The Art & The Story, pt 3
"There Was a Party for Langston, King O'Letters" by Jason Reynolds, illus. Jerome Pumphrey and Jarrett Pumphrey
Callie Feyen, at Tell Me A Story That’s True, are writing this month about books considered for the 2024 Caldecott Medal. We continue with “There Was a Party for Langston, King O’Letters,” by Jason Reynolds, illustrated by Jerome Pumphrey and Jarrett Pumphrey.
Hello, Poetry Friend
Author Jason Reynolds writes that There Was a Party for Langston was inspired by a photograph of Maya Angelou and Amiri Baraka dancing at the Schomburg Center for the gala opening of the Langston Hughes Auditorium, in February 1991. On the page in which illustrators Jerome Pumphrey and his brother Jarrett Pumphrey recreate the photograph in their own style, the text on the page speaks of Langston Hughes:
“The man who wrote Maya and Amiri into the world.”
We who write do not write ourselves into the world — we are written into it by those who wrote before.
In addition to Maya and Amiri, the book gives us the portraits of sixteen Black authors and poets, who lean out of their books on the shelves of the library to join the party.
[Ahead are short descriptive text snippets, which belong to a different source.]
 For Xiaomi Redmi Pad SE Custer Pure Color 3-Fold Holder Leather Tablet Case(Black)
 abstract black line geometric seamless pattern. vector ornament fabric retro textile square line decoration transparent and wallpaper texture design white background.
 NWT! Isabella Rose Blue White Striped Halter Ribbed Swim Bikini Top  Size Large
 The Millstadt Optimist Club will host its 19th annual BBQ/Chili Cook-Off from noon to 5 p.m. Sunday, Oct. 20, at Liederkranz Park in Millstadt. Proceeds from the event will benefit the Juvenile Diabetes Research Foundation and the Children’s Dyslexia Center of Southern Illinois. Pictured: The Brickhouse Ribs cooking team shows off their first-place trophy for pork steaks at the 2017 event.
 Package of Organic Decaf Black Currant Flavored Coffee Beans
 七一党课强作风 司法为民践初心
Because at a party for a “word maker,” the people “boogie boogie wiggling wild.”
I turned page after joy-filled page, and I thought about the 66th Grammy Awards a few nights ago, when Tracy Chapman seemed to apparate right onto the stage to sing her song “Fast Car” with country music star Luke Combs, who has released his own version. It’s a song about longing to belong.
Chapman first sang it at the Grammys in 1991, when she won Best Female Pop vocalist. The other night she was back, wearing her trademark black, her hair now grey, singing and picking her guitar and smiling.
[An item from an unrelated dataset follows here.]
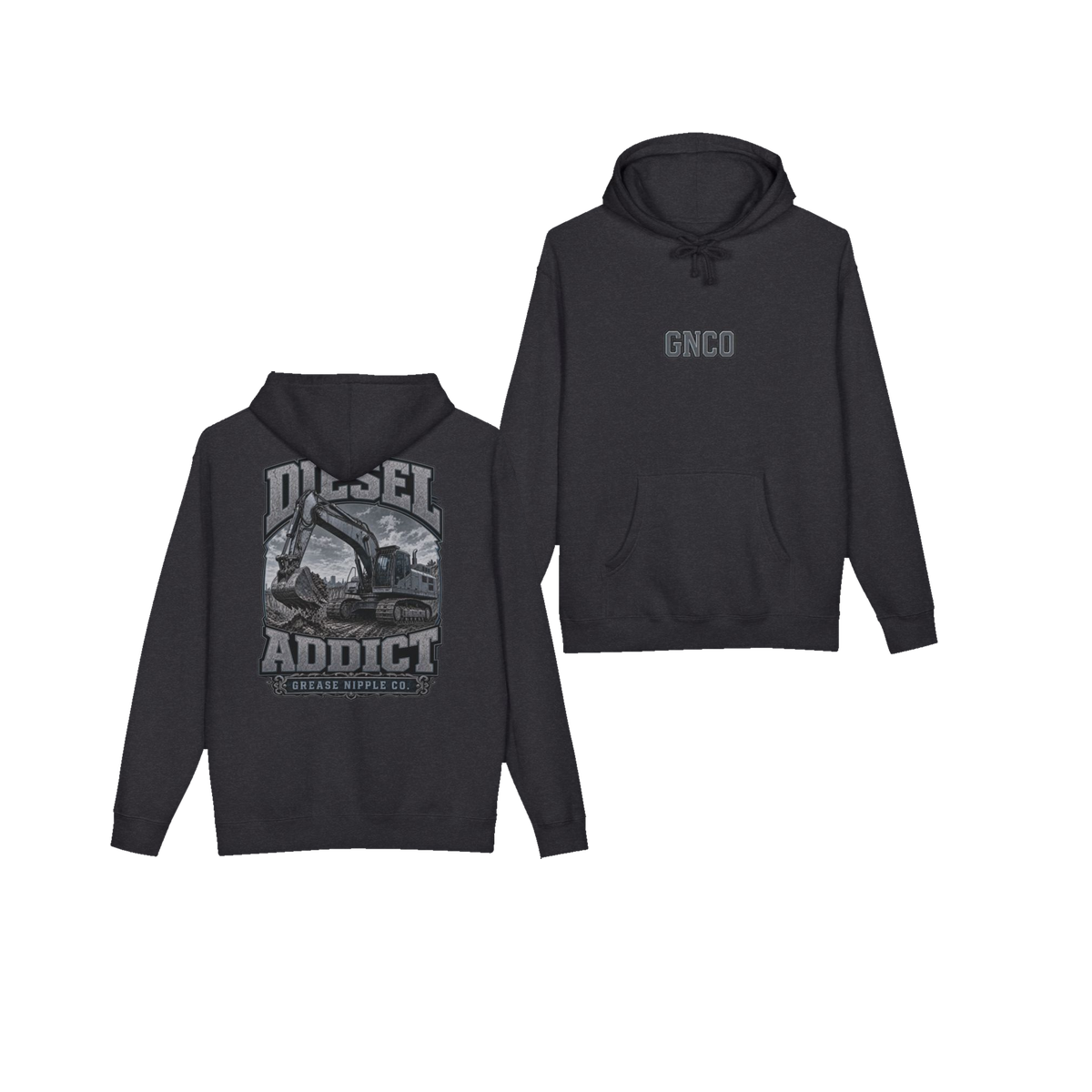 Front and back views of DIESEL ADDICT™ Excavator Hoodie in Charcoal Heather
And Taylor Swift was standing and singing along from the audience, because she couldn’t not join in. And Michael Trotter Junior was standing too, pumping his fist along to the words, “I, I …”
We all want to be someone, be someone.
We can’t do it alone. We need books. We need libraries. We need dance parties. We need poets who play with words — like Chapman, like Hughes.
“But Langston, the brave word maker knew letters were better together, turned them into laughter."
Like Big, this book uses words as art — words from Hughes’ poems. The words are bright, and they are Black. They bring joy not only to the dancing people at the party, but also to the baker, the porter, the farmer, the girl, the teacher, the nurse.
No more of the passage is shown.